To keep the whole population safe and reduce the spread of infection, governments and leaders need to understand much more about what influences individual and collective behaviors. Learnings from the 2009/2010 Australian influenza epidemic demonstrated that there was not enough research available on the complex interplay of rapidly changing epidemiology, media attention, control measures, risk perception, and public health behaviors associated with pandemics [37]. The WHO survey used in this study was specifically designed to gain insight into these issues, and its application may assist to address some of these research gaps. This study has provided some new insight into relationships between demographics, knowledge, protective behaviors, perceptions, and trust in Australia. This contextually relevant knowledge on how communities are sourcing and interpreting information may help governments and health communicators to provide appropriate and equitable messaging on response measures and to address misinformation and disinformation as it emerges [38].

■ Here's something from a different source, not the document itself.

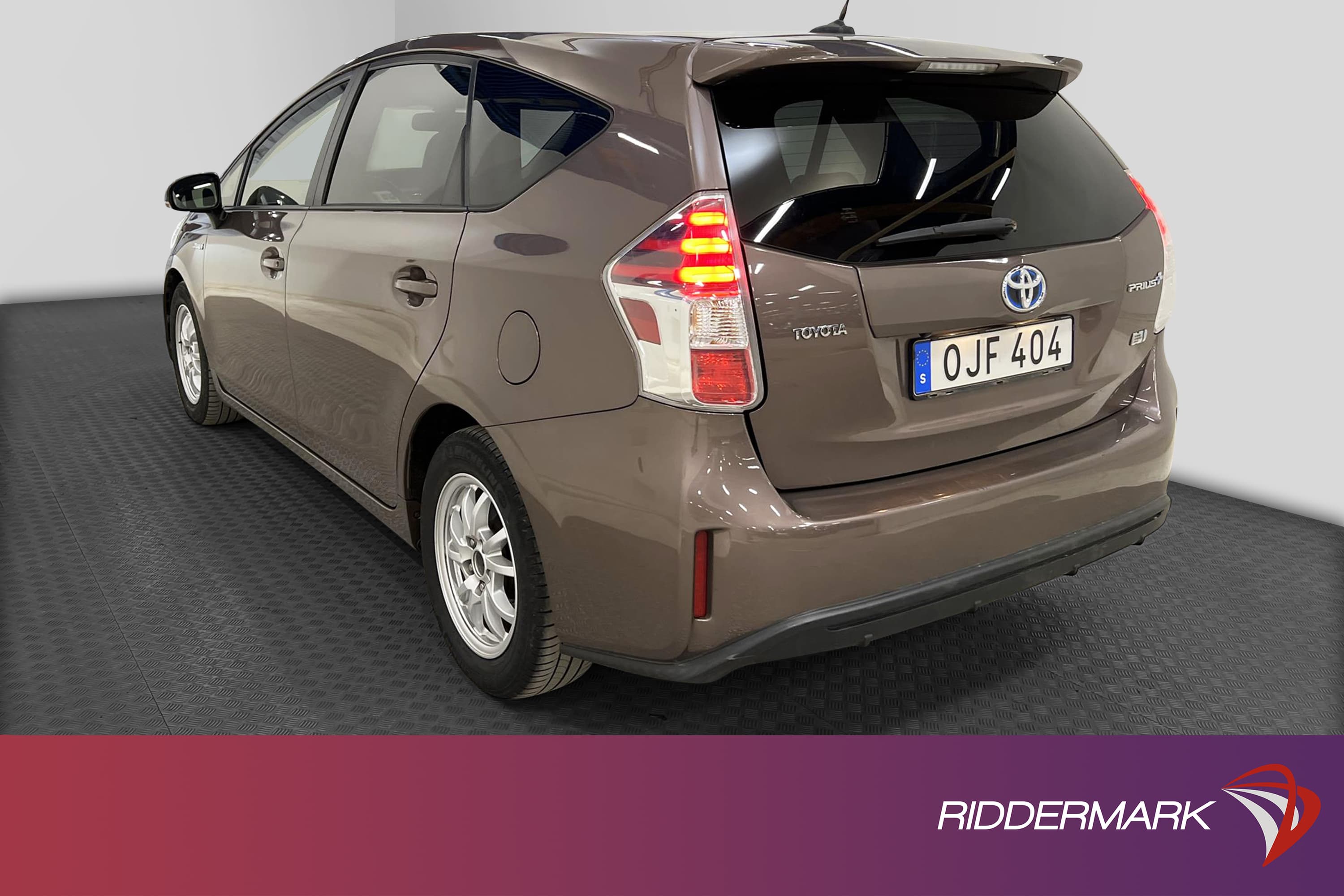 Toyota Prius+ Hybrid CVT 122hk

There are some limitations to this study. As the study was conducted in a single hospital network in Melbourne the results may not be generalizable. In addition, the surveyed cohort focused on only the top 10 most spoken languages other than English at the hospital and therefore the experience of some important groups with low representation may not have been captured. Importantly, the study was conducted in a region of Melbourne that was disproportionately impacted by COVID-19 [39], and it focuses on frequent hospital users who, to the best of our knowledge, have not been represented in the literature to date.

Conclusion

Within a vulnerable population with complex and chronic conditions, speaking a language other than English was found to expose participants to greater risks due to inadequate knowledge. To reduce transmission, morbidity and mortality associated with COVID-19, health authorities must tailor health messaging and education to those disadvantaged communities in order to reduce disparities in health outcomes.